:: WORK ITEM ::
Print nothing but the lines below starting at the line that holds "2 holz topfuntersetzer" and ending at the line that holds "Kondela Konferenčný stolík, kašmír, STANDO", including both, each exactly as written.

:: DATA FOR PROCESSING ::
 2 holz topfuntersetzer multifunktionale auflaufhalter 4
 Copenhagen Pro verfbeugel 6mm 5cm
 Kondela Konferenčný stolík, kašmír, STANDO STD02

* * *

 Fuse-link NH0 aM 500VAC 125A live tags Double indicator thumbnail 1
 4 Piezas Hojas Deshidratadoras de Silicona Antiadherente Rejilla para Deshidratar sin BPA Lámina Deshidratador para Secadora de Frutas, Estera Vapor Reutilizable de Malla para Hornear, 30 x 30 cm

==

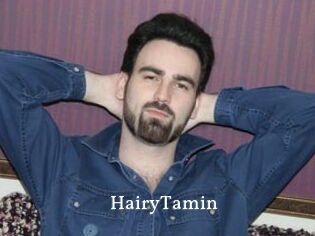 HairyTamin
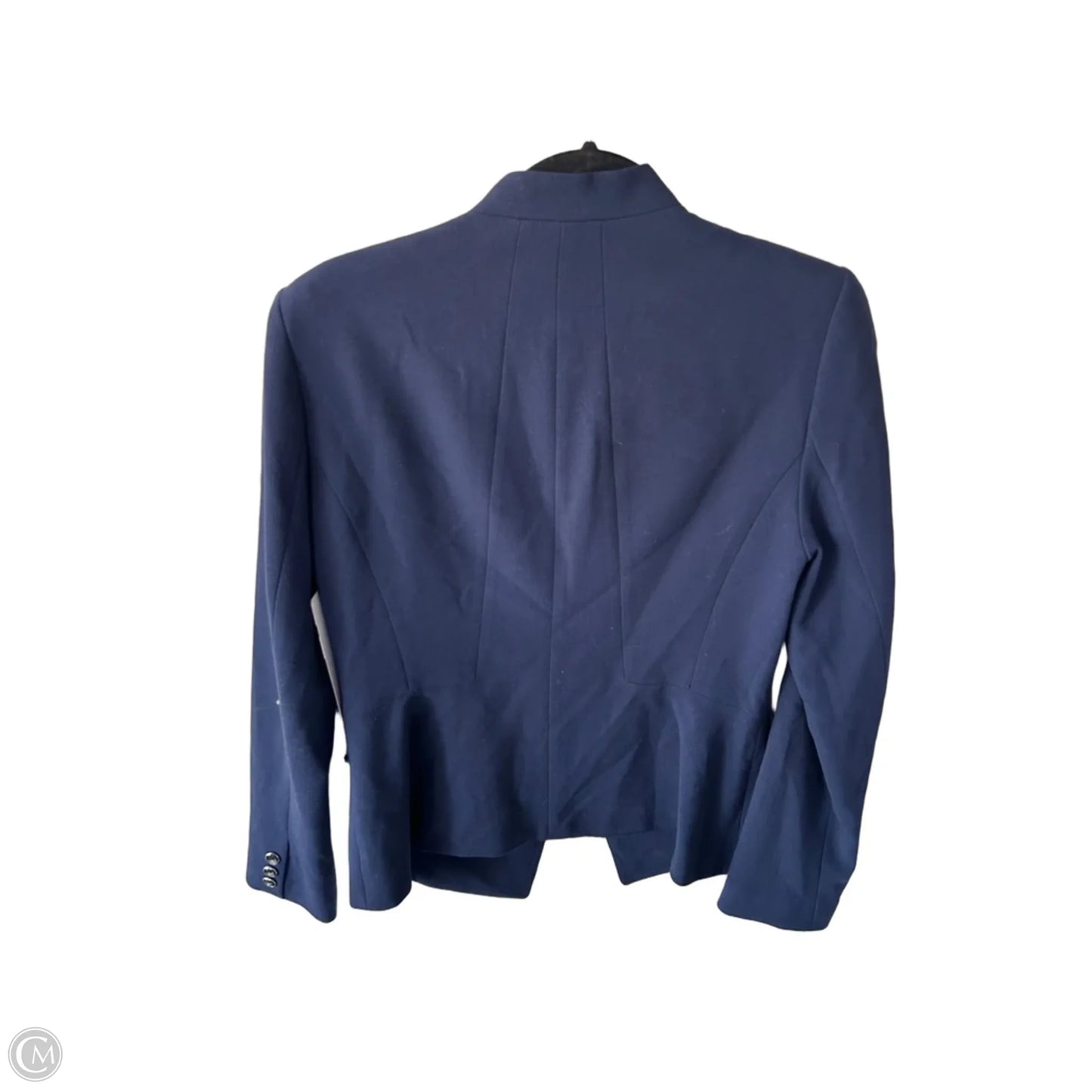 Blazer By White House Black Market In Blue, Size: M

:: RESPONSE BOX ::
 2 holz topfuntersetzer multifunktionale auflaufhalter 4
 Copenhagen Pro verfbeugel 6mm 5cm
 Kondela Konferenčný stolík, kašmír, STANDO STD02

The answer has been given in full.